Эти свободные сцепления иногда называют музыкой. Иногда я буду пользоваться этим словом. Но ведь и в музыке происходили какие-то сдвиги, и если философская проза отмечена сдвигом клирике, а поэзия — сдвигом к.музыке, то как определить то, что отличает Скрябина от Чайковского/? Мне кажется, что в XX веке шел общий сдвиг к текучему, «волновому» (в противоположность кристаллическому, «корпускулярно­му»), размытому — в противоположность четкому, шел и в поэзии, и в му­зыке, и в живописи (у импрессионистов). На поверхности - разрушение целого (предмета). А в глубине — поиски подлинного целого в распредмеченном, текучем, вселенском, едином, как море, как ночь.

«Секрет писательства, — писал Розанов, — заключен в вечной и НЕВОЛЬНОЙ музыке в душе. Если ее нет, человек может только «сде­лать из себя писателя». Но он не писатель...

...Что-то течет в душе. Вечно, постоянно. Что, почему? Кто знает? — Меньше всего автор»1.

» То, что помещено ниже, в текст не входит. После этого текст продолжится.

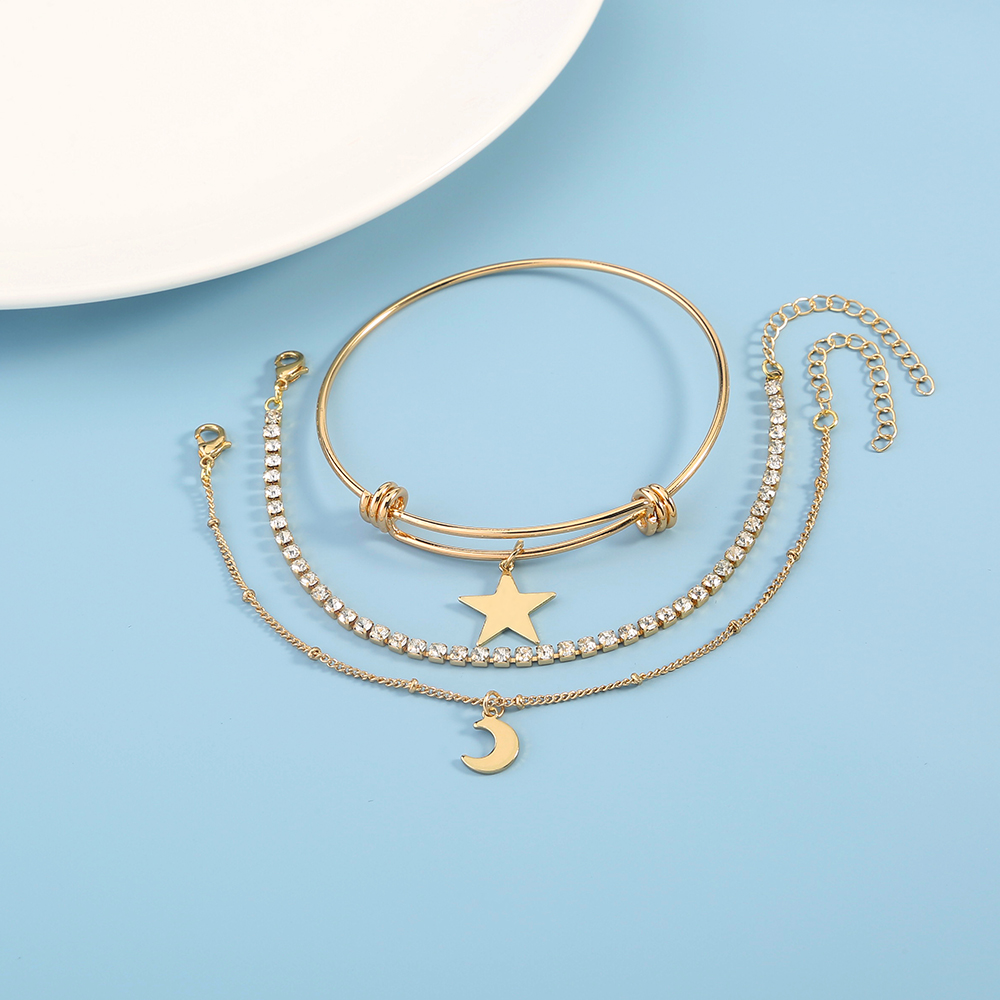 New Fashion Moon Star Opening Inlaid Alloy Bracelet Three-piece Set display picture 3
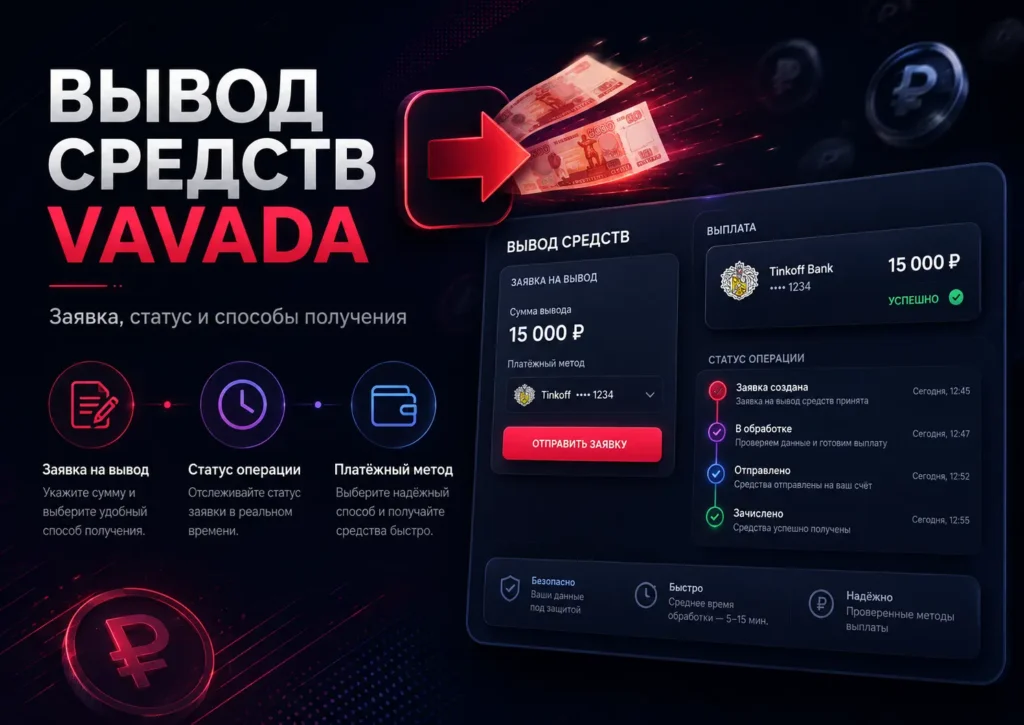 Вывод средств Vavada — заявка, статус и способы получения денег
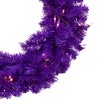 Northlight Pre-Lit Artificial Pine Christmas Wreath - 24" - Purple - Clear Lights - 4 of 4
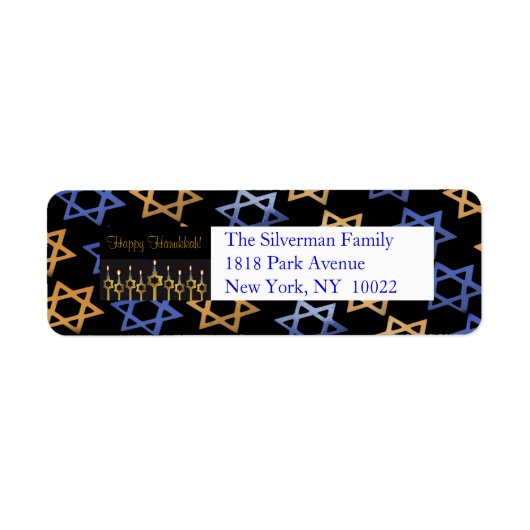 Happy Hanukkah! Sjabloon Retouradreslabel Etiket (Voorkant)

Это очень близко к раннему, не захваченному никакими теориями Мандельштаму:

Отчего так мало музыки

И такая тишина ?

Мандельштам осознал то, что он делал, как борьбу за слово-Психею, за самостоятельность слова, т. е. за отрыв слова от своего места в сло­варе, от группы предметов, которые он обязательно обозначает, за выс­вобождение самых неожиданных, то возникающих, то исчезающих ас­социаций. Слово увольняется от службы термина, становится знаком, подобным музыкальной ноте. Символисты расковали звучащую музы­ку слова. Мандельштам идет дальше, он пытается создать музыку смыс­лов, музыку Логоса. Но построение теории связано со спором о словах, о терминах, и вместо символистского ключевого слова «музыка» выдвигается новое ключевое слово — «форма».

«Постепенно, один за другим, все элементы слова втягивались в по­нятие формы, только сознательный смысл, Логос, до сих пор ошибоч­но и произвольно называется содержанием. От этого ненужного поче­та Логос только проигрывает. Логос требует только равноправия с дру­гими элементами слова. <...>Логос такая же прекрасная форма, как му­зыка для символистов»2.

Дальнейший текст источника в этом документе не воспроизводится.